MEN’S BASKETBALL | Early on, offense struggles

The Elis have topped 60 points in regulation in only three out of their first eight games this season.
The Elis have topped 60 points in regulation in only three out of their first eight games this season. Photo by Sari Levy.

Led by All-Ivy selections forward Greg Mangano ’12 and guard Reggie Willhite ’12, last year’s men’s basketball team terrorized Ivy League defenses. The senior tandem averaged just over 30 points per game combined and helped the Elis to finish atop their conference scoring offense rankings at nearly 69 points per game.

Yet after the departure of Mangano and Willhite, the men’s basketball team has struggled to score in the nascent season. The squad has managed just 59 points per game in its first seven contests, ranking above only Princeton among Ivy League rivals.
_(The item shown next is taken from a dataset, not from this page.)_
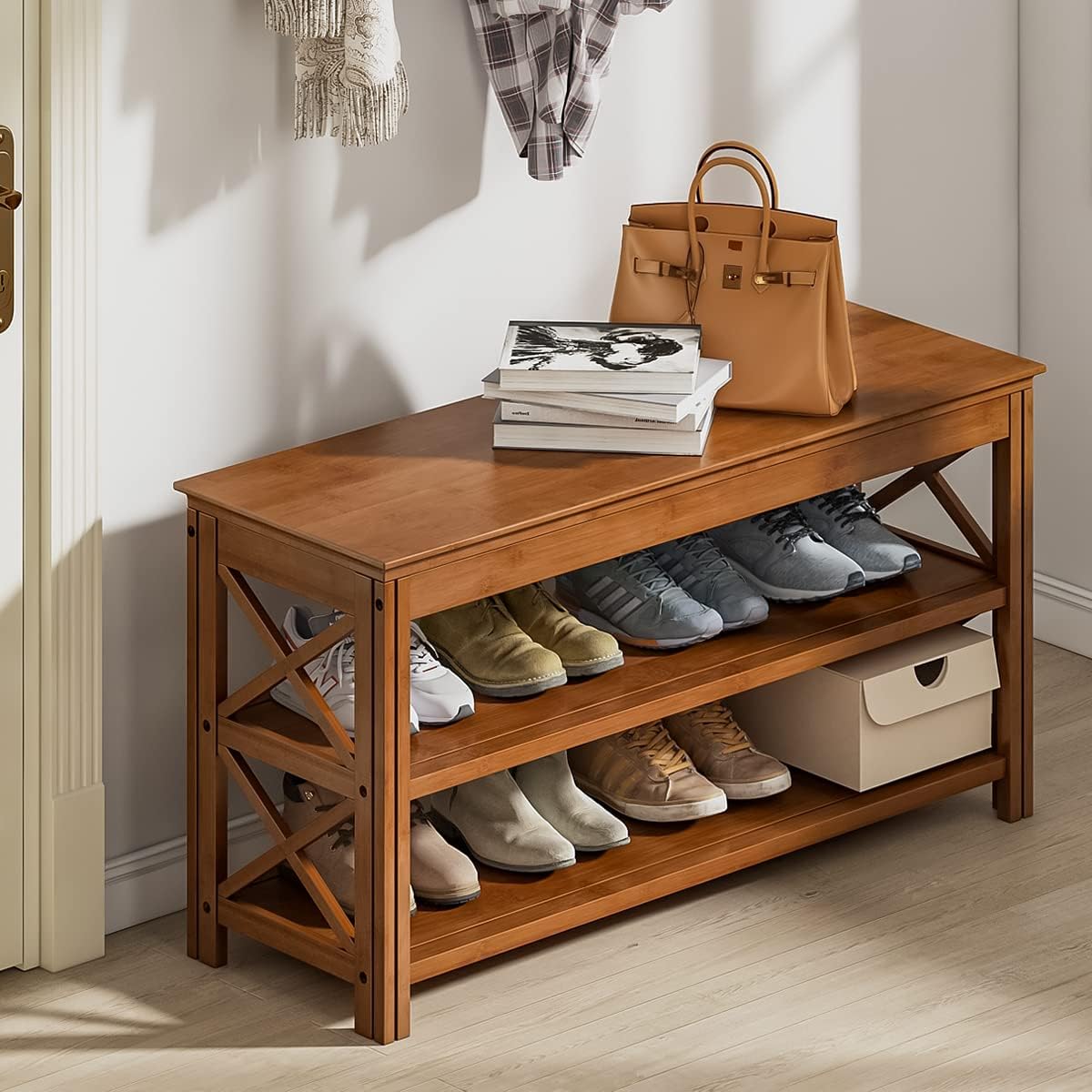 Shoe Rack Bench Entryway Shoe Bench Brown Bamboo 3 Tier Shoe Storage Benches Shoe Organizer for Entryway Hallway Living Room(31.5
The Elis have also seen their field goal percentage dip by nearly six percentage points, from 43.2 percent to 37.3 percent, and their number of assists per game dropped from 13.2 to 11.4.

“What we’re trying to do is share the ball between everyone on the team,” head coach James Jones said. “Last year, Greg and Reggie dominated us … The offense kind of stopped when they touched the ball because they made a lot of individual plays, so our focus this year is to try to be able to move the ball and have more equal parts on offense.”
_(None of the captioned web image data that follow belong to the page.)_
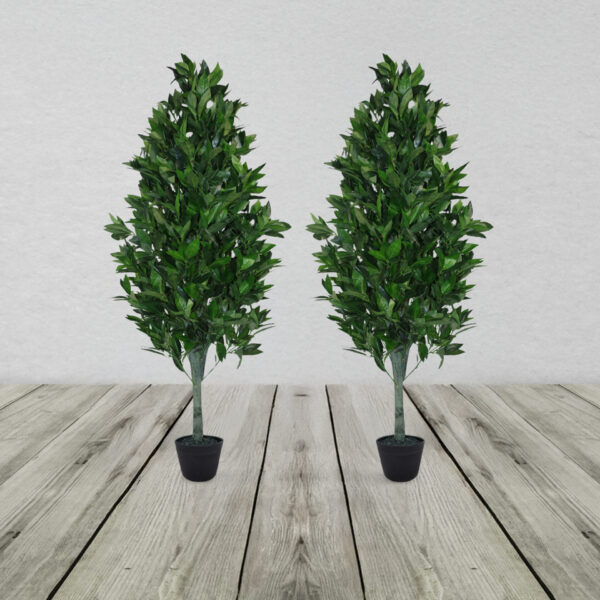 PAIR OF ARTIFICIAL TOPIARY BAY TREES PYRAMID CONES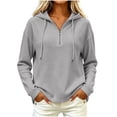 thumbnail image 2 of Quarter Zip Pullover wWomen Waffle Knit Long Sleeve Drawstring Casual Sweatshirt Hooded Tops, 2 of 7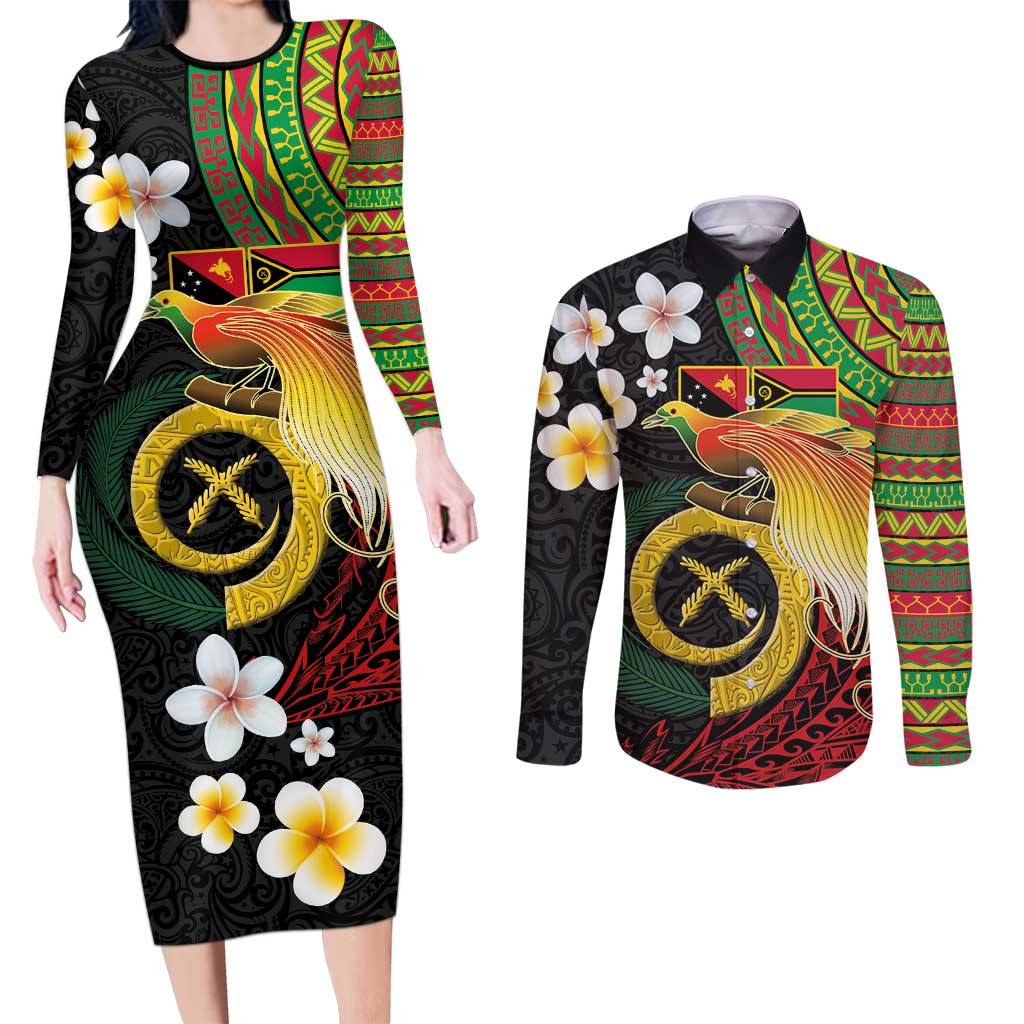 Vanuatu and Papua New Guinea Together Couples Matching Long Sleeve Bodycon Dress and Long Sleeve Button Shirt Bird-of-paradise and Pig Tusk Melanesian Pattern LT03 Black - Polynesian Pride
Guard Austin Morgan ’13 said that learning a new offense has contributed to the early struggles.

While the team runs the same offensive sets as last year, its motion offense in transition and after those sets break down differs from the previous season, said captain and guard Sam Martin ’13.
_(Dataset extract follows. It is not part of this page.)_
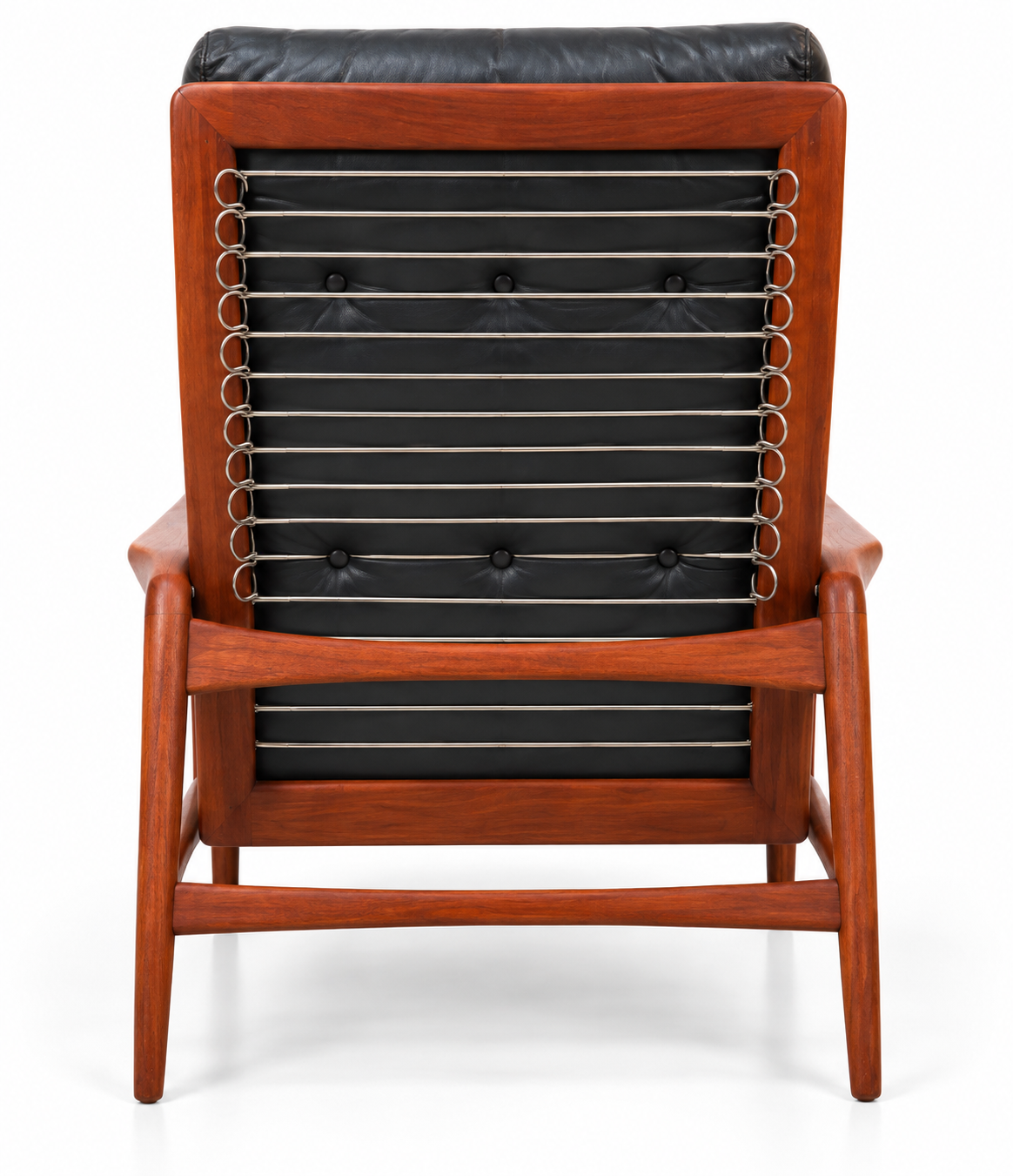 Mid-Century Ib Kofod-Larsen for Selig Danish Modern Teak High-Back Lounge Chair – Original Black Leather, 1960s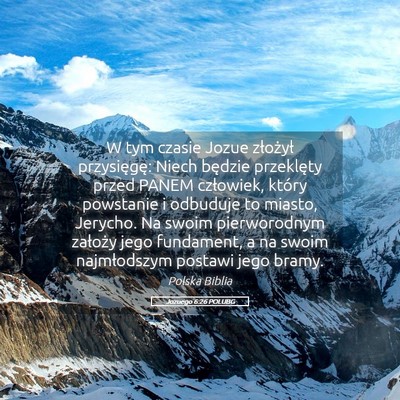 Picture 05 - Jozuego 6:26 POLUBG - W tym czasie Jozue złożył przysięgę: Niech - Bible Verse Picture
He added that without the presence of Mangano and Willhite, the focus of the offense has shifted away from one-on-one play towards team offense. Some elements of that team offense include generating efficient shots, moving the ball from inside-out, creating kick-outs off of penetration and looking for backdoor cuts.

He also said that having multiple players with the ability to score about 10 points puts more pressure on opposing defenses. Teams that were able to limit Mangano and Willhite last year effectively contained the Bulldog offense, he added.

“I think everybody on our team is a capable scorer, so now if you can spread the ball it makes us much more difficult to guard,” Jones said. “The hope is that we have more guys averaging more points.”

Still, the Bulldogs (2–6, 0–0 Ivy) have struggled to attain that goal. The Elis have topped 60 points in regulation in only three out of their first eight games this season; the team accomplished that feat in every one of its first eight contests last year.

Jones said the team will look to improve its offense through practice, especially by focusing on the players adjusting to their roles on the floor and continuing to learn how to share the ball.

“I think the timing just isn’t there yet. We’ve been doing a lot of dummy stuff in practice,” Martin said. “It just takes repetition, but I think we had a good week of practice and hopefully it’ll be better in the next couple of games here.”

The men’s basketball team takes on Bryant University in Rhode Island tonight at 7 p.m.